OTHERS SAY

Your witness

A common illusion held by dictators is that they need only shut the borders, turn off the internet and control television for no one to notice the horrors they commit inside the country. The work of the UN Commission of Inquiry on Human Rights in the Democratic People’s Republic of Korea has demonstrated how wrong they are. The commission has shone a light on one of the world’s human rights sinkholes, North Korea, without ever setting foot there.

Michael Kirby, the retired Australian jurist who heads the commission, delivered an interim report that manages to shock on a topic that has already shocked for some time.
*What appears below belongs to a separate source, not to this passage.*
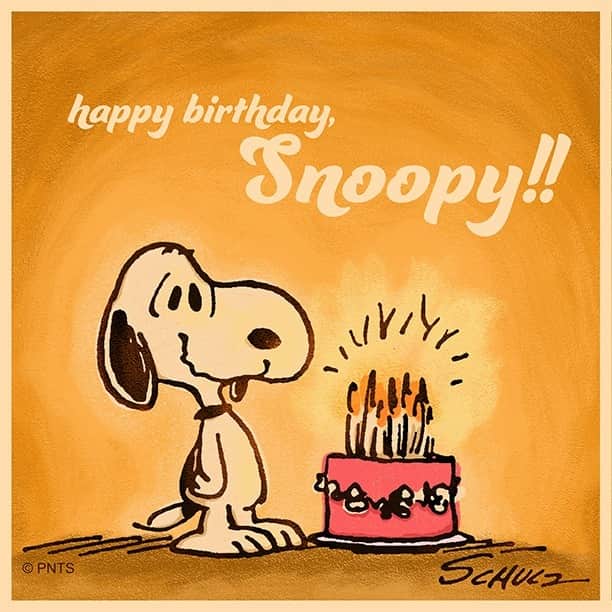 スヌーピーのインスタグラム：「Happy Birthday Snoopy! #HappyBirthdaySnoopy」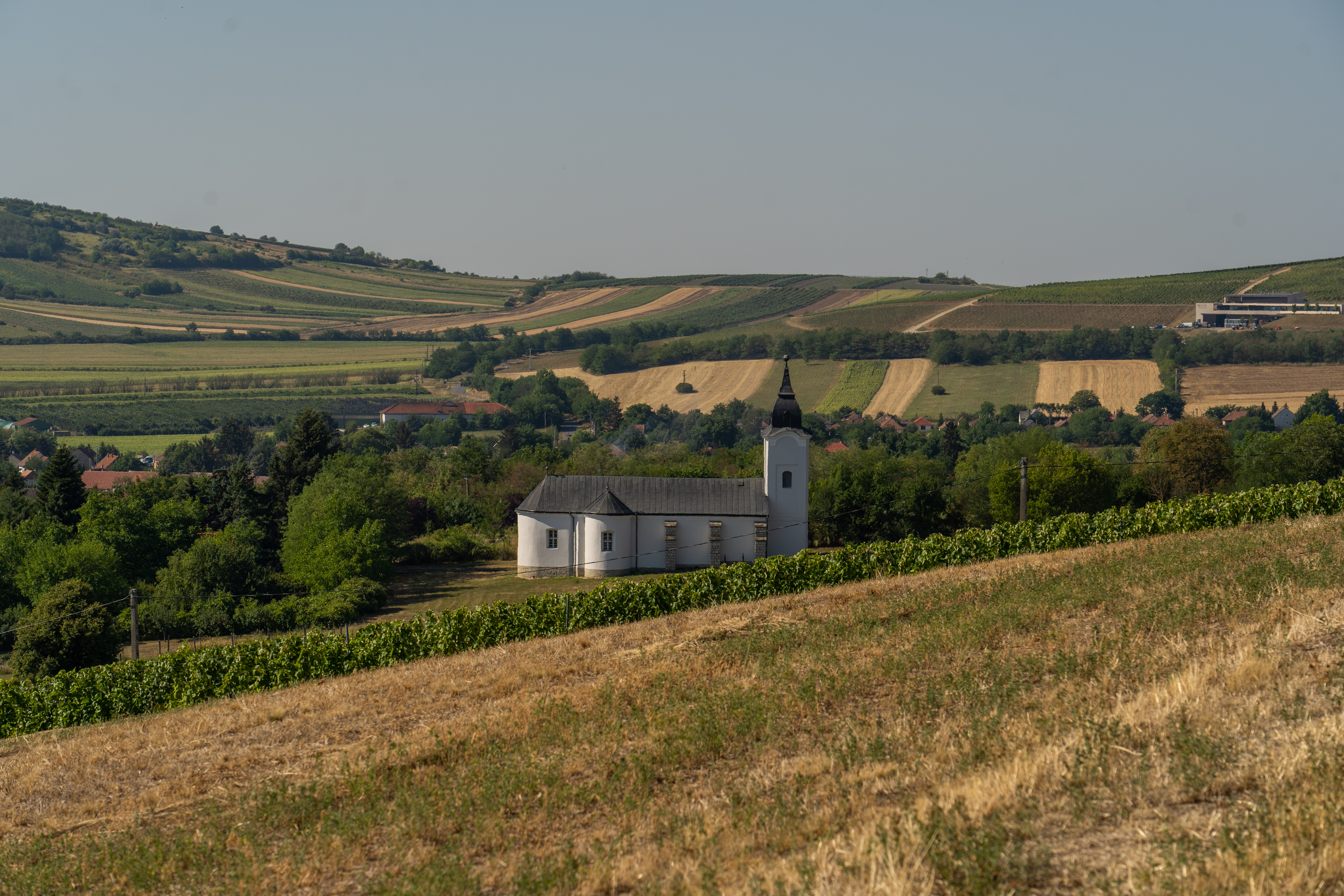 Église catholique grecque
The commission’s witnesses provided evidence of systematic and widespread human rights violations, including torture, sexual violence, deliberate starvation, arbitrary detention and more.

Mr. Kirby quite properly invited North Korea to respond to the testimony of witnesses who described grim lives in political prison camps, international abductions, torture and starvation. “Truth is always a defense against accusations of slander,” Mr. Kirby stated. “An ounce of evidence is worth far more than many pounds of baseless attacks.”

North Korea said it “totally and categorically rejects” the commission’s work, and its official news agency denounced testimony before the panel as “slander” put forward by “human scum.” But it provided no facts.

North Korea won’t suddenly throw open its doors and invite more inspection of this dark underside of the world. But the commission has laid down an important record of testimony and human experience.